18 Mart 2010 Perşembe

Hz. Yusuf'a Güç ve İktidar Verilmesi

Hükümdarın gerçekleri öğrenmesinin ardından Hz. Yusuf için yeni bir dönem başlamıştır. Hükümdar aracılara Hz. Yusuf'u getirmelerini söylemiştir. Hz. Yusuf geldiğinde ise ona kendi yanında önemli bir mevki vermiş, onu güvenilir bir danışmanı yapmıştır. Bu konu Kuran'da şöyle aktarılır:


Hükümdar dedi ki: "Onu bana getirin, onu kendime bağlı kılayım." Onunla konuştuğunda da (şöyle) dedi: "Sen bugün bizim yanımızda (artık) önemli bir yer sahibisin, güvenilir (bir danışman-yönetici)sin."(Yusuf) Dedi ki: "Beni (bu) yerin (ülkenin) hazineleri üzerinde (bir yönetici) kıl. Çünkü ben, (bunları iyi) bir koruyucuyum, (yönetim işlerini de) bilenim. İşte böylece Biz yeryüzünde Yusuf'a güç ve imkan (iktidar) verdik. Öyle ki, orada (Mısır'da) dilediği yerde konakladı. Biz kime dilersek rahmetimizi nasib ederiz ve iyilik yapanların ecrini kayba uğratmayız. Ahiretin karşılığı ise, iman edenler ve takvada bulunanlar için daha hayırlıdır. (Yusuf Suresi, 54-57)


Hatırlanacak olursa Hz. Yusuf Mısır'a köle olarak girmiş, ardından da "bir kadının ırzına göz dikmek" gibi son derece kötü ve çirkin bir iftiraya uğrayıp zindana atılmıştır. Fakat Allah, yüzeysel bir bakışla "imkansız" gibi gözüken bir değişiklik yapmış ve bu olumsuz şartlar içindeki Hz. Yusuf'u bir anda Mısır'ın yönetiminde söz sahibi bir insan haline getirmiştir. Gerçekte bu, yani yüzeysel bir bakışla imkansız gibi gözüken işleri gerçekleştirmek, Allah'ın bir ilmi ve sanatıdır. Kuran'da bildirildiği gibi, "Nice küçük topluluk, daha çok olan bir topluluğa Allah'ın izniyle galib gelmiştir." (Bakara Suresi, 249) Allah, müminlere bir iman hakikati olmak üzere, onları en zor ve imkansız gibi gözüken şartların içinde kurtarıp çıkarmakta ve inkarcılara karşı galip getirmektedir.
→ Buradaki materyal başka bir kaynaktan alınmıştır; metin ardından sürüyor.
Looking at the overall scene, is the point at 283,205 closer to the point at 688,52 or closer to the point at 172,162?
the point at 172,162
Mümine düşen tek görev, Allah'ın vaadine olan inancından asla dönmemek ve hep Allah'a tevekkül edip güvenmektir.



MÖ. 1700-1550 döneminden kalma bu eski Mısır yazıtlarında, Hz. Yusuf döneminde yaşanmış olan 7 yıl kıtlık ayrıntılı olarak anlatılır.
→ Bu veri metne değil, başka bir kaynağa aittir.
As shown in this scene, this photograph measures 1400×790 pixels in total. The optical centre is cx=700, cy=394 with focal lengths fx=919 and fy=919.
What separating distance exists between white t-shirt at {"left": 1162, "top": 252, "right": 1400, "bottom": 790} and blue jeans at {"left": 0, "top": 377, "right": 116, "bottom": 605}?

Dinden uzak bir yaşam süren insanlar için dünyada güç ve iktidar sahibi olmak, para ve mala hakim olmak, onu harcama yetkisinde olmak, erişilebilecek en ileri noktadır. Bu, ulaşmak için hayatlarını ortaya koydukları, mücadelesini verdikleri ana hedeftir. Ancak görüldüğü gibi Allah Hz. Yusuf'u zindandan çıkartıp bu nimetlerin hepsini birden ona vermiştir. İşte Allah'ın Hz. Yusuf'a güç, iktidar ve mal verdikten sonra ayetin sonunda hemen ahireti hatırlatmasının bir hikmeti de budur.
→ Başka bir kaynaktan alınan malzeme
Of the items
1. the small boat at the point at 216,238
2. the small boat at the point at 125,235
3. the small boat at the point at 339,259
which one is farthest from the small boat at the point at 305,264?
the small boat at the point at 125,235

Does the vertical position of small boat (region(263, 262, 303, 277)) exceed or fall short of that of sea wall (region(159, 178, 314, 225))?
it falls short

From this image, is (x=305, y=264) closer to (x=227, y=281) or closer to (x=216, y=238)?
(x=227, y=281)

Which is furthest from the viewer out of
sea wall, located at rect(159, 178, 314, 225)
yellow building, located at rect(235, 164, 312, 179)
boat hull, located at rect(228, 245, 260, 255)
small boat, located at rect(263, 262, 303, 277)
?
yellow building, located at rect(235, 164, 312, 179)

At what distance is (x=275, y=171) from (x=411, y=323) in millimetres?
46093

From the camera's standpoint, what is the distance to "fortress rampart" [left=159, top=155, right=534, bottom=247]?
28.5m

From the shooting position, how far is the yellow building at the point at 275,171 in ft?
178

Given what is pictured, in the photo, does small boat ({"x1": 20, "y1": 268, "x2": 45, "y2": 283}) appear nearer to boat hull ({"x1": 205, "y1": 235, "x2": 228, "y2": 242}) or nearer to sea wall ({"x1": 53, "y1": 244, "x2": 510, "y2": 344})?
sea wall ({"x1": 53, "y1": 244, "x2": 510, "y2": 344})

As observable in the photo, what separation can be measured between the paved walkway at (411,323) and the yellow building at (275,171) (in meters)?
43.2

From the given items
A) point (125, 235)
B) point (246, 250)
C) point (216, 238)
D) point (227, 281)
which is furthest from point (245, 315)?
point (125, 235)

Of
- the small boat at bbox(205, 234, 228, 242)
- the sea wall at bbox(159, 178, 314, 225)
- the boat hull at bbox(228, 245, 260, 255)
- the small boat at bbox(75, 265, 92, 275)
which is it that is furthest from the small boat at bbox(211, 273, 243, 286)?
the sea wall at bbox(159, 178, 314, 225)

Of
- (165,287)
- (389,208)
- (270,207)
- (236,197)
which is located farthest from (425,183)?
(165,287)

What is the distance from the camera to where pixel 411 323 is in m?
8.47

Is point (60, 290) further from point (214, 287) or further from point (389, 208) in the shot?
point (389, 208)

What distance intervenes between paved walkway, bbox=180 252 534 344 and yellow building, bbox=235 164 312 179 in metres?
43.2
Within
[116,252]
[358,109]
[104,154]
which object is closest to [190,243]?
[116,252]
Böylece aslında dünyada verilen malın ve makamın hiç de önemli bir şey olmadığı, esas önemli olanın, hedeflenmesi gereken şeyin ve daha hayırlı olanın ahiret olduğu hatırlatılmaktadır. Allah bu şekilde insanın yüzünü dünyadan ahirete çevirmektedir. Ancak ayetin son cümlesinde bu konu hatırlatılırken ve ahirette verilecek karşılığın hayırlı olduğu bildirilirken, bunun "iman edenler" ve "takvada bulunanlar" için geçerli olduğu da haber verilir. Bu özelliklere sahip olmayan insanların ahirette güzel bir karşılık beklemeleri elbette ki düşünülemez.


Hz. Yusuf kıssasında insanlara gösterilen çok önemli bir gerçek daha vardır. Allah bu gerçeği Kuran'da şöyle bildirir:


Demek ki, gerçekten zorlukla beraber kolaylık vardır. Gerçekten güçlükle beraber kolaylık vardır. (İnşirah Suresi, 5-6)



Dedi ki: "Siz yedi yıl, önceleri gibi ekin ekin, yediğinizin az bir kısmı dışında, biçtiklerinizi başağında bırakın. Sonra bunun arkasından zorlu yedi yıl gelecektir, sakladığınız az bir miktar dışında, daha önce biriktirdiğinizi yiyip bitirecektir. Sonra bunun arkasından bir yıl gelecektir ki, insanlar onda bol bol yağmura kavuşturulacak ve onda sıkıp-sağacaklar."
(Yusuf Suresi,47-49)


İnşirah Suresi'nde bildirildiği gibi, Allah her zorluğun ardından iman eden insanlar için bir kolaylık yaratacağını vaat etmektedir.



Yukarıdaki Eski Mızır çizimleri, kıtlık öncesinde yaşanan yedi yıllık bolluk dönemini göstermektedir.


Hz. Yusuf'un hayatı ise bunun örnekleri ile doludur. Kuyudan kurtulup iyi bir ailenin yanında bakılıp büyütülmesi, zindanın ardından hazinelerin başına geçmesi gibi olaylar Allah'ın her zorluğun ve güçlüğün ardından nasıl kolaylıklar ve güzellikler yarattığının açık delilleridir.